Couple this volatility with ongoing regulatory developments in the US, such as the US Senate recently putting forward the Holding Foreign Companies Accountable Act in May 2020 and the NASDAQ proposing new “Restricted Market” Listing Rules involving increased audit and reporting requirements, these potential changes could materially and negatively impact Chinese-operated Cayman Islands companies listed on NYSE and NASDAQ.

Matt Roberts
Maples Group
Partner and Head of Corporate, Asia

Presently most relevant companies appear to be closely watching and monitoring developments. Some companies may consider a secondary (dual) listing closer to home on the Hong Kong Stock Exchange such as Alibaba and more recently, JD.com. However, in certain instances, the founders and management of public companies may consider a privatization or “take-private” deal, whereby the company is taken private by becoming a private Cayman Islands company and, as a result, delists from these US securities exchanges.

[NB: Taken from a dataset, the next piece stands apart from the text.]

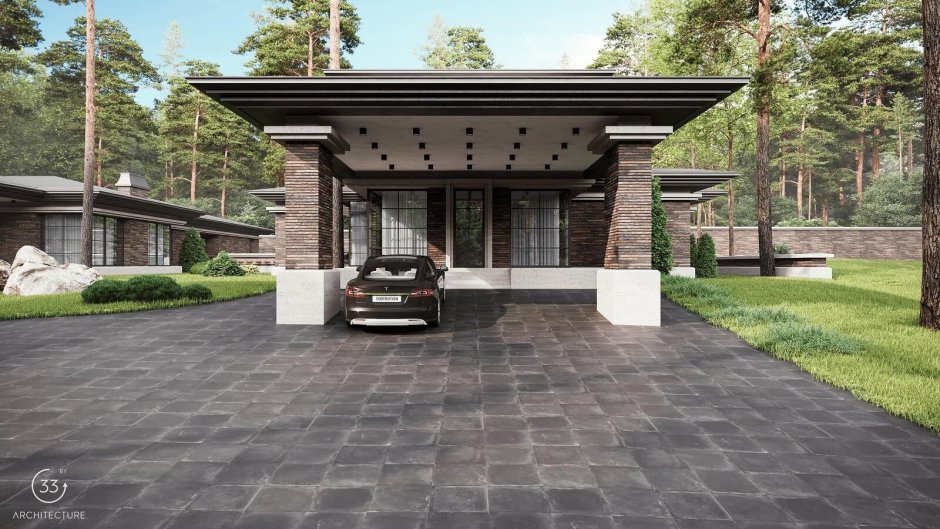 Одноэтажный кирпичный дом в стиле Райта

Since 2010, over 50 Chinese public companies have been privatized and delisted from US securities exchanges.

Privatization process

Typically, on these deals, the founders and management may partner with private equity firms and institutional investors, usually with the support of financing institutions such as the investment arms of major Chinese and Western banks, to provide a proposal to the relevant company’s shareholders and holders of publicly traded securities such as American Depositary Receipts (ADRs), whereby such shares/ADRs will be cancelled in exchange for cash, with the bidders becoming the owners of the delisted private company. Given the interests of the founders and management, a special committee comprising disinterested members of the company’s board is formed to negotiate the deal with the bidder group on an arm’s length basis.